The data structure is a lazy trie. I'm using Conal Elliott's MemoTrie library in my code. For genericity, it takes functions instead of lists for the weights and values.
knapsack :: (Enum a, Num w, Num v, Num a, Ord w, Ord v, HasTrie a, HasTrie w) =>
(a -> w) -> (a -> v) -> a -> w -> v
knapsack weight value = knapsackMem
where knapsackMem = memo2 knapsack'
knapsack' 0 w = 0
knapsack' i 0 = 0
knapsack' i w
| weight i > w = knapsackMem (pred i) w
| otherwise = max (knapsackMem (pred i) w)
(knapsackMem (pred i) (w - weight i)) + value i
Basically, it's implemented as a trie with a lazy spine and lazy values. It's bounded only by the key type.

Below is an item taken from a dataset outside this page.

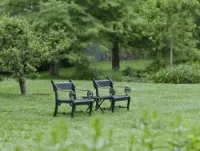 entretien et réalisation des jardins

Because the entire thing is lazy, its construction before forcing it with queries is O(1). Each query forces a single path down the trie and its value, so it's O(1) for a bounded key size O(log n). As I already said, it's immutable, but not unboxed.
It will share all work in the recursive calls. It doesn't actually allow you to print the trie directly, but something like this should not do any redundant work:
mapM_ (print . uncurry (knapsack ws vs)) $ range ((0,0), (i,w))
Lazy storable vectors: http://hackage.haskell.org/package/storablevector
Unbounded, lazy, O(chunksize) time to construct, O(n/chunksize) indexing, where chunksize can be sufficiently large for any given purpose. Basically a lazy list with some significant constant factor benifits.